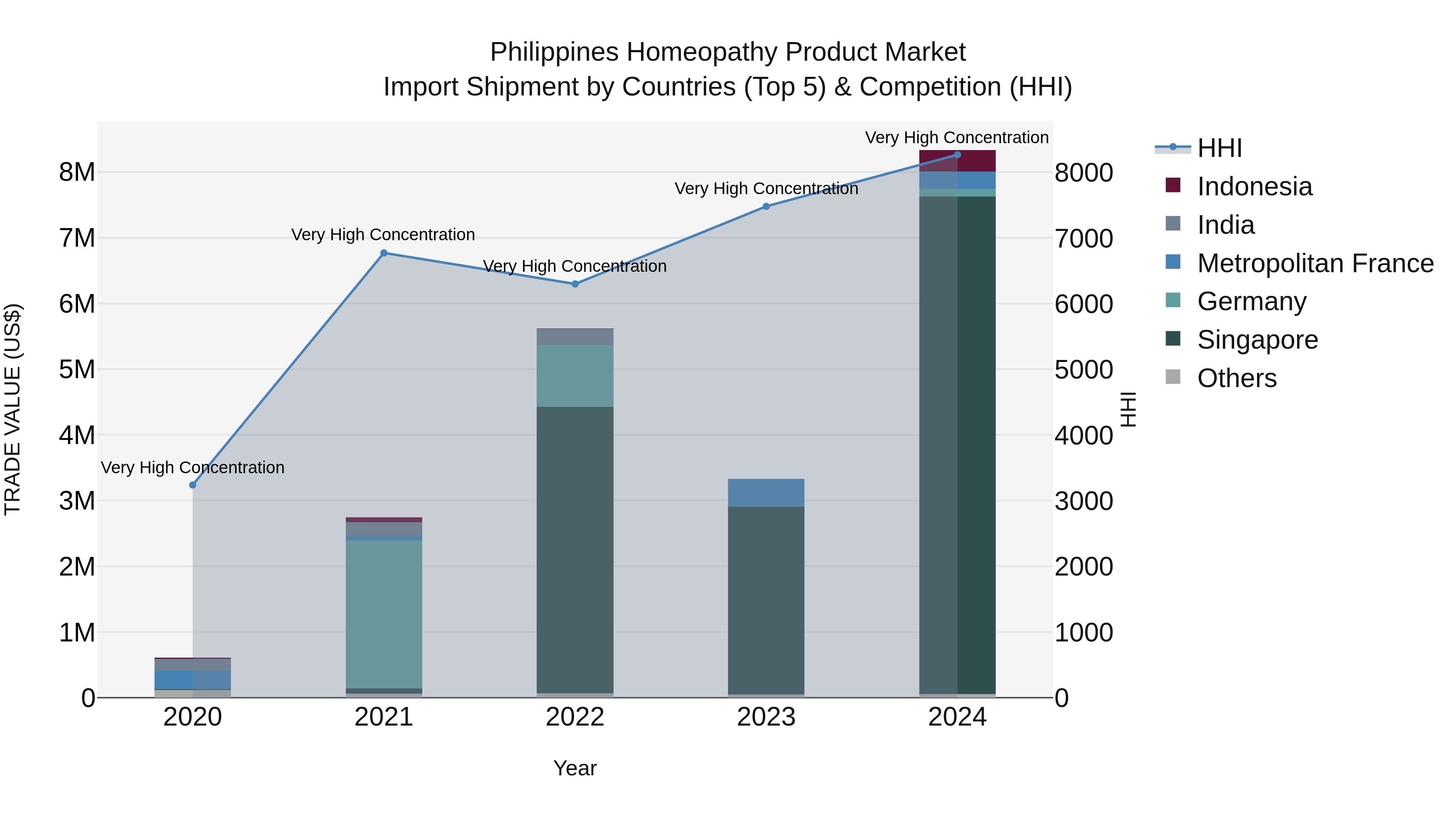 Philippines Homeopathy Product Market Top 5 Importing Countries and Market Competition (HHI) Analysis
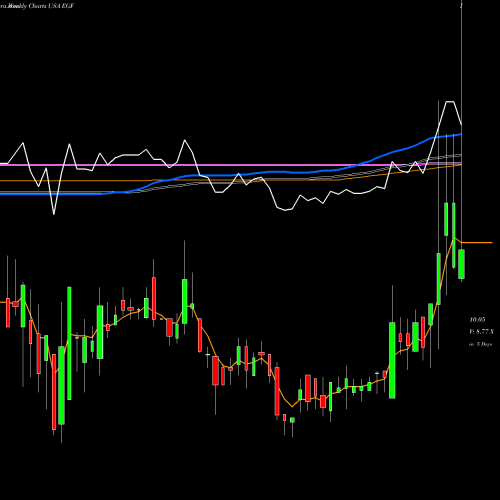 Weekly charts share EGF Blackrock Enhanced Government Fund, Inc USA Stock exchange 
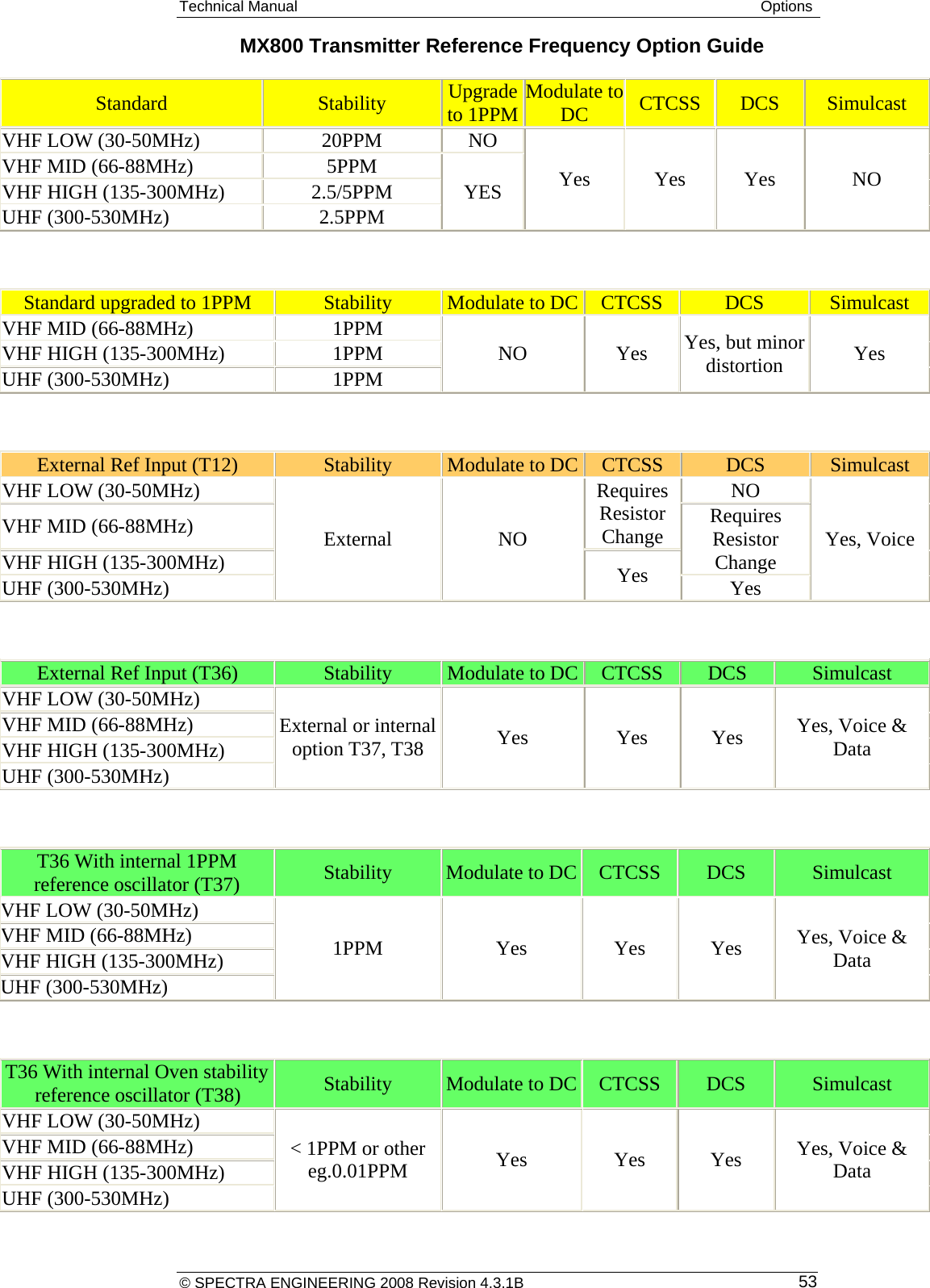 Technical Manual  Options MX800 Transmitter Reference Frequency Option Guide Standard  Stability  Upgrade to 1PPM Modulate toDC  CTCSS  DCS  Simulcast VHF LOW (30-50MHz)  20PPM  NO Yes  Yes  Yes  NO VHF MID (66-88MHz)  5PPM  YES VHF HIGH (135-300MHz)  2.5/5PPM UHF (300-530MHz)  2.5PPM  Standard upgraded to 1PPM  Stability  Modulate to DC CTCSS  DCS  Simulcast VHF MID (66-88MHz)  1PPM  NO  Yes  Yes, but minor distortion  Yes VHF HIGH (135-300MHz)  1PPM UHF (300-530MHz)  1PPM  External Ref Input (T12)  Stability  Modulate to DC CTCSS  DCS  Simulcast VHF LOW (30-50MHz) External  NO Requires Resistor Change NO Yes, Voice VHF MID (66-88MHz)  Requires Resistor Change VHF HIGH (135-300MHz)  Yes UHF (300-530MHz)  Yes  External Ref Input (T36)  Stability  Modulate to DC CTCSS  DCS  Simulcast VHF LOW (30-50MHz) External or internal option T37, T38  Yes  Yes  Yes  Yes, Voice &amp; Data VHF MID (66-88MHz) VHF HIGH (135-300MHz) UHF (300-530MHz)  T36 With internal 1PPM reference oscillator (T37)  Stability  Modulate to DC CTCSS  DCS  Simulcast VHF LOW (30-50MHz) 1PPM  Yes  Yes  Yes  Yes, Voice &amp; Data VHF MID (66-88MHz) VHF HIGH (135-300MHz) UHF (300-530MHz)  T36 With internal Oven stability reference oscillator (T38)  Stability  Modulate to DC CTCSS  DCS  Simulcast VHF LOW (30-50MHz) &lt; 1PPM or other eg.0.01PPM   Yes  Yes  Yes  Yes, Voice &amp; Data VHF MID (66-88MHz) VHF HIGH (135-300MHz) UHF (300-530MHz) © SPECTRA ENGINEERING 2008 Revision 4.3.1B  53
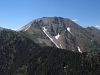 Lewis Mountain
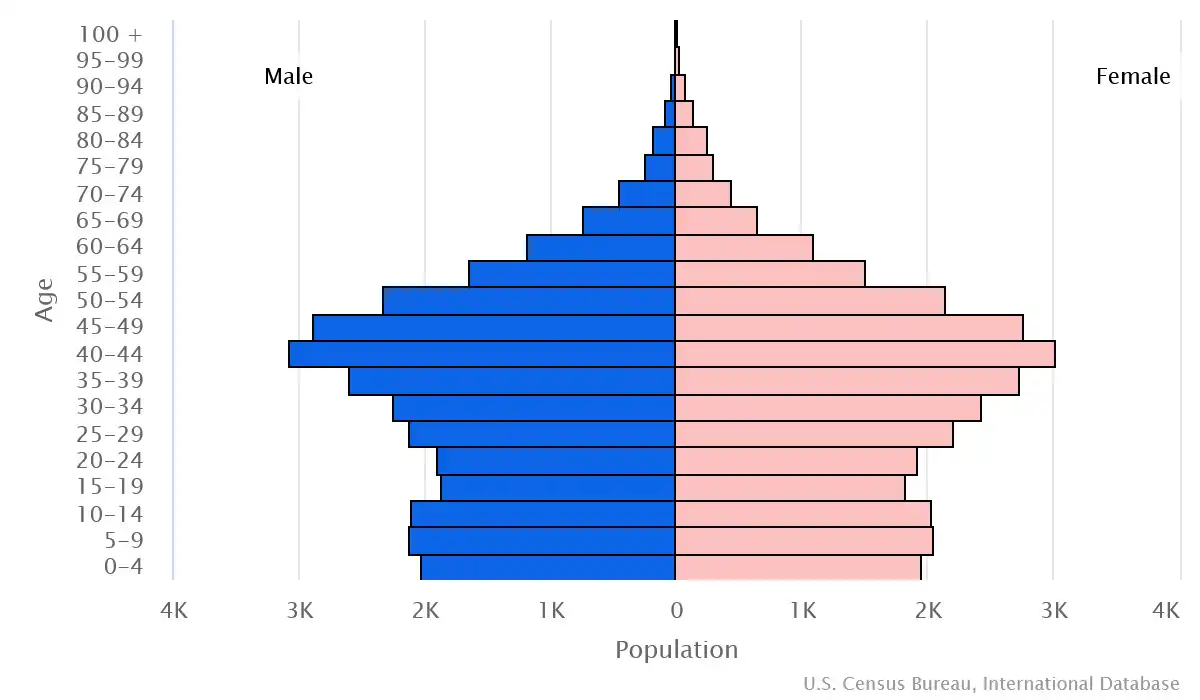 Chart graphic of the age pyramid of Turks and Caicos Islands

- Required work:
Transcribe all entries above exactly. Omit the pictures.

- Solution to this problem:
 Philippines Homeopathy Product Market Top 5 Importing Countries and Market Competition (HHI) Analysis
 Weekly charts share EGF Blackrock Enhanced Government Fund, Inc USA Stock exchange 
 Technical Manual  Options MX800 Transmitter Reference Frequency Option Guide Standard  Stability  Upgrade to 1PPM Modulate toDC  CTCSS  DCS  Simulcast VHF LOW (30-50MHz)  20PPM  NO Yes  Yes  Yes  NO VHF MID (66-88MHz)  5PPM  YES VHF HIGH (135-300MHz)  2.5/5PPM UHF (300-530MHz)  2.5PPM  Standard upgraded to 1PPM  Stability  Modulate to DC CTCSS  DCS  Simulcast VHF MID (66-88MHz)  1PPM  NO  Yes  Yes, but minor distortion  Yes VHF HIGH (135-300MHz)  1PPM UHF (300-530MHz)  1PPM  External Ref Input (T12)  Stability  Modulate to DC CTCSS  DCS  Simulcast VHF LOW (30-50MHz) External  NO Requires Resistor Change NO Yes, Voice VHF MID (66-88MHz)  Requires Resistor Change VHF HIGH (135-300MHz)  Yes UHF (300-530MHz)  Yes  External Ref Input (T36)  Stability  Modulate to DC CTCSS  DCS  Simulcast VHF LOW (30-50MHz) External or internal option T37, T38  Yes  Yes  Yes  Yes, Voice &amp; Data VHF MID (66-88MHz) VHF HIGH (135-300MHz) UHF (300-530MHz)  T36 With internal 1PPM reference oscillator (T37)  Stability  Modulate to DC CTCSS  DCS  Simulcast VHF LOW (30-50MHz) 1PPM  Yes  Yes  Yes  Yes, Voice &amp; Data VHF MID (66-88MHz) VHF HIGH (135-300MHz) UHF (300-530MHz)  T36 With internal Oven stability reference oscillator (T38)  Stability  Modulate to DC CTCSS  DCS  Simulcast VHF LOW (30-50MHz) &lt; 1PPM or other eg.0.01PPM   Yes  Yes  Yes  Yes, Voice &amp; Data VHF MID (66-88MHz) VHF HIGH (135-300MHz) UHF (300-530MHz) © SPECTRA ENGINEERING 2008 Revision 4.3.1B  53
 Lewis Mountain
 Chart graphic of the age pyramid of Turks and Caicos Islands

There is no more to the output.